June 7, 2021 at 1:00 p.m. GMT+1
Thanks to scientific advances in medicine and public health, humanity’s population shot from 2.5 billion in 1950 to 7.7 billion today. People on average are staying healthier and living longer. Over the past six months, the United States has seen the inauguration of the oldest president ever, a Super Bowl victory by the oldest quarterback ever and a major golf title captured by the oldest winner ever.
I myself am like a lot of older people: I would have died some years back without modern medicine, but thanks to medical interventions I’m currently in good health.

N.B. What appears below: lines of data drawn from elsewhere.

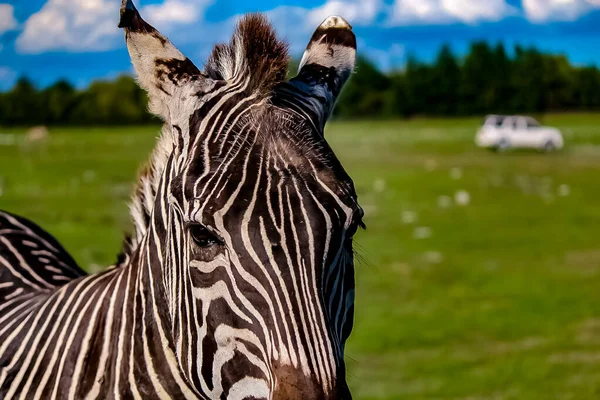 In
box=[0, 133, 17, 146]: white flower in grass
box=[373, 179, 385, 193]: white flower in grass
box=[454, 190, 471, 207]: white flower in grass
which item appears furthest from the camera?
box=[0, 133, 17, 146]: white flower in grass

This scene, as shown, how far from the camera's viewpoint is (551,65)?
66000mm

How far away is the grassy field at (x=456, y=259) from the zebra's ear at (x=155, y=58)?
0.87m

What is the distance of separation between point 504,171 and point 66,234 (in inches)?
869

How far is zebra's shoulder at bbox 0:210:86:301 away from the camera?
3.66 metres

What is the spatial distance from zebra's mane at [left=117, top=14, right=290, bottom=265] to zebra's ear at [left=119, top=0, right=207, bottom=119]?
15 centimetres

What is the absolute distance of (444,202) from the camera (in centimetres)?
2567

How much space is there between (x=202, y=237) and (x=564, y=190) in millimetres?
27477

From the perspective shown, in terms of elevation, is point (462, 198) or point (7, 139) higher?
point (7, 139)

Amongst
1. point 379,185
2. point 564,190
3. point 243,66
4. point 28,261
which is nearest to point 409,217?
point 379,185

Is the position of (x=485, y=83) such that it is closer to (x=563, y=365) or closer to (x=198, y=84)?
(x=563, y=365)

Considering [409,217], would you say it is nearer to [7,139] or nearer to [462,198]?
[462,198]

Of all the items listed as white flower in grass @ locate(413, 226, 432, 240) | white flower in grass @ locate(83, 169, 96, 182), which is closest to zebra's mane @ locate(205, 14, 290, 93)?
white flower in grass @ locate(413, 226, 432, 240)

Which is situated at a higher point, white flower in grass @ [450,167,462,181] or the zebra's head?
white flower in grass @ [450,167,462,181]

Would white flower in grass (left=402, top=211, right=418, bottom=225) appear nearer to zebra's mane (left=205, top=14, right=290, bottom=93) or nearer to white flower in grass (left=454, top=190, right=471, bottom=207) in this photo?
white flower in grass (left=454, top=190, right=471, bottom=207) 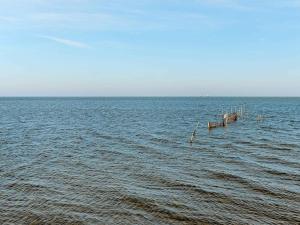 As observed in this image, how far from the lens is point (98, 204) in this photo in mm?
19078

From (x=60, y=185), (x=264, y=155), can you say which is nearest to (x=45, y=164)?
(x=60, y=185)

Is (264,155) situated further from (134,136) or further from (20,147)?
(20,147)

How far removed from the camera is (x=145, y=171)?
26438mm

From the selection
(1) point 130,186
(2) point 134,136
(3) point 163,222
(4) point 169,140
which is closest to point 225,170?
(1) point 130,186

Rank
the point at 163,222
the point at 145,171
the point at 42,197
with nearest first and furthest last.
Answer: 1. the point at 163,222
2. the point at 42,197
3. the point at 145,171

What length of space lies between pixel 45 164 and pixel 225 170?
46.8 feet

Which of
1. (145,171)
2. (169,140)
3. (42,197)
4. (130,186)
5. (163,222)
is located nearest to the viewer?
(163,222)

Now, though, this steep population increase is not only slowing, demographers say, it may well start reversing over the coming decades as fertility rates around the world decline. On Monday, news came that China — apparently frightened by the portents — is raising its family-size limit, allowing women to bear three children instead of two.
President Xi Jinping isn’t the only one fretting. The vision of a dwindling global population is widely depicted as a looming catastrophe.
“The world is ill-prepared for the global crash in children being born which is set to have a ‘jaw-dropping’ impact on societies,” the BBC reported last summer. This media staple got a boost a couple of weeks ago from a New York Times article headlined “Long Slide Looms for World Population, With Sweeping Ramifications.” While trying to find some bright spots (lower demand on resources!), the article mostly focused on the “hard to fathom” negative implications.
I’d prefer to fathom the good stuff.